For my class on Addiction in grad school we were challenged to give something up for the duration of the quarter. Right below some of the usual suspects of coffee, alcohol, social media and other well-known and more socially acceptable forms of addiction, one caught my eye: worry.
As I mulled over the idea - the idea of worry-free for 3 months - I couldn’t help but think, Wasn't that what they called cheating??
Nonetheless I talked to my therapist about it and took the bait. And it's turning out to be a LOT harder than I expected.
Day 1 started off swimmingly. I slept in a bit to catch up from the long weekend: No worries. I don't start class until tomorrow. I can give myself some extra space to catch up. Indulged in an extra yoga class at lunch: No worrrrries. It's the beginning of the quarter. I don't have any assignments I need to get on top of yet. I have plennnnty of time to work the rest of the week.
It felt so freeing. I felt like Simba hakuna-matata-ing around, letting the things I'd normally stress about just roll off my shoulders. Why had I never adopted this attitude before?
Then 5 o'clock rolled around. Well, since I lost a couple hours during the day, maybe I'll work a little later tonight to make sure I stay on top of things. No worries, right? Just some worry-free, healthy, regular work. Just some guilt-ridden, overwhelming, need-to-do-more-to-prove-I'm-still-a-worthwhile-human-being, work-til-11pm-on-something-that-isn't-even-a-priority, work.
Or, as they might call it in the world of addiction: Relapse.
What the hell happened?
While an exploration of worry through the lens of addiction is by no means meant to imply that they are one in the same, nor to trivialize the severity of many addictions and substance use disorders, there are many parallels we can draw upon to help understand what goes on when we worry. And as my professor likes to say: Sometimes the most learning comes from the relapse.
When talking about addiction, one of the first questions we can ask when someone has an urge to or returns to an unwanted behavior is: What was it serving for you?
Oftentimes addictions function to fill the places we find voids, to avoid difficult tasks or emotions, and even to help us self-soothe. In my case, worrying and subsequently panic-working helped me avoid a fear of failure, or the ingrained idea that I'm not worthy if I'm not being productive. So, as my therapist pointed out: I “distracted myself by being on top of something that didn’t even matter.” Even the act of worrying itself can feel like you're "doing something" or "being productive." It becomes the brain's attempt to solve our problem, without actually taking action.
You can apply this to so many other forms of worrying: Worrying you'll die alone helps you avoid the potentially challenging feelings of being with yourself in that moment. Worrying you'll fail helps you avoid facing the insecurities you already have that you're not good enough.
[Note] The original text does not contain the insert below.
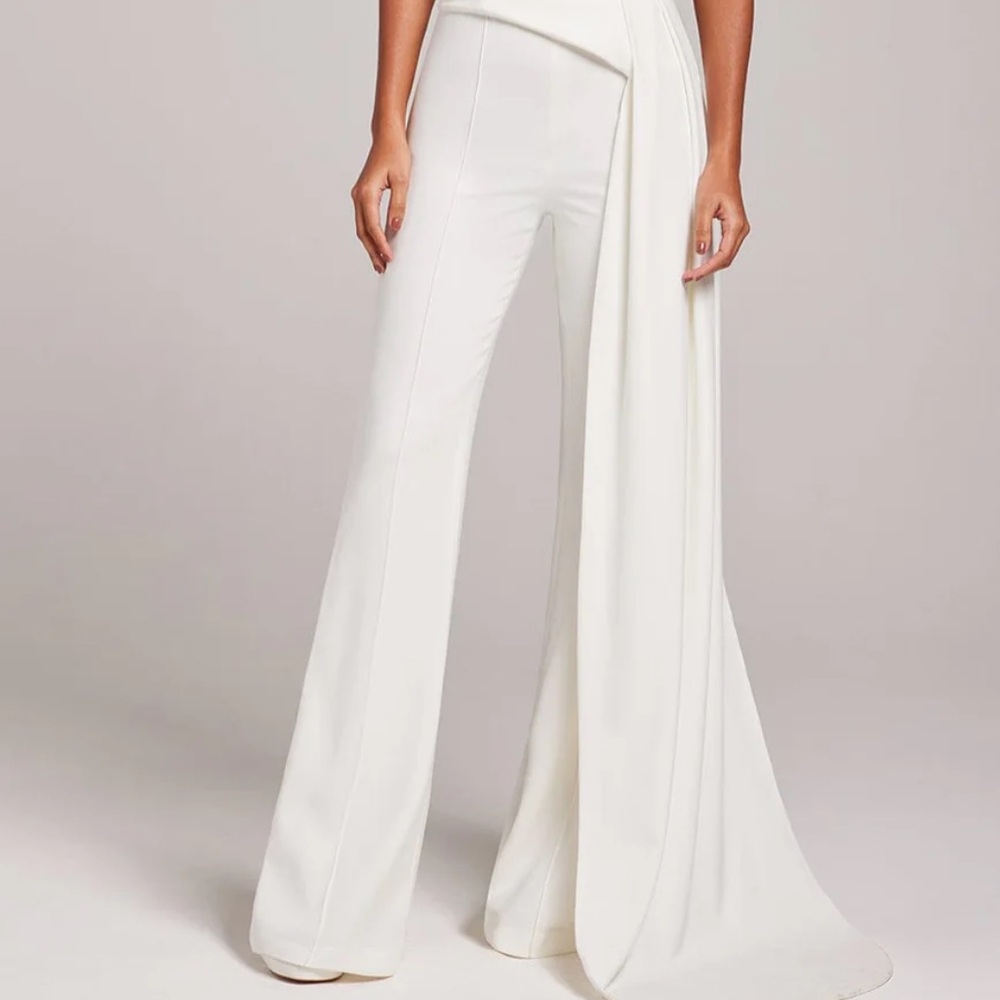 $295 Nadine Merabi Charlotte White Pants size US4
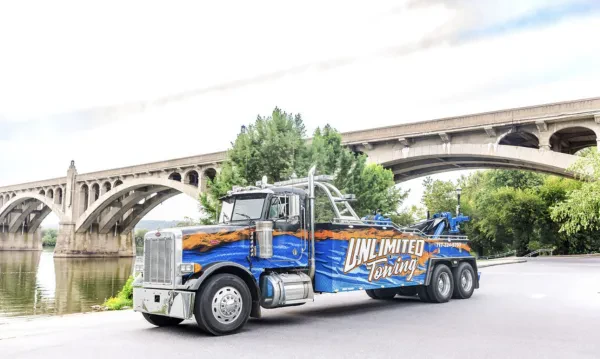 Unlimited Towing - photo 2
But the most ironic part is we end up living in those worries as if they've already happened. By constantly ruminating about them, we are living in the very realities we're trying to escape.
But here's the catch: While sometimes worrying can be so debilitating it leads to inaction, sometimes it's still the very motivating force we need to actually do something about our problems. Had I hakuna-matata'd the rest of my week away, at the rate I was going I may well not have gotten the work I needed to get done, done. If everyone practiced a totally worry-free attitude toward the pandemic right now, well, we all know how that'd turn out...
Does it mean that worry itself is necessary? Just like any addiction, worry is a habit that has become deeply reinforced over the course of our lives. It's become our brain's go-to coping mechanism, but that doesn't mean there aren't others that serve the same function or need we need met. For example, because I was so worry-free last week, I skipped my usual ritual of time blocking and making a to-do list for my week, and I learned quickly that I need that type of structure in order to allow me to worry less (it's the same paradox as the idea that boundaries allow you to have more freedom). Is there a way to take the excessive fear and emotion out of worrying and cultivate tools that solve the same problem in a healthier and more positive way?
“Worry does not empty tomorrow of its sorrow. It empties today of its strength.”
Corrie ten Boom
What does your worrying serve? What alternatives might take its place?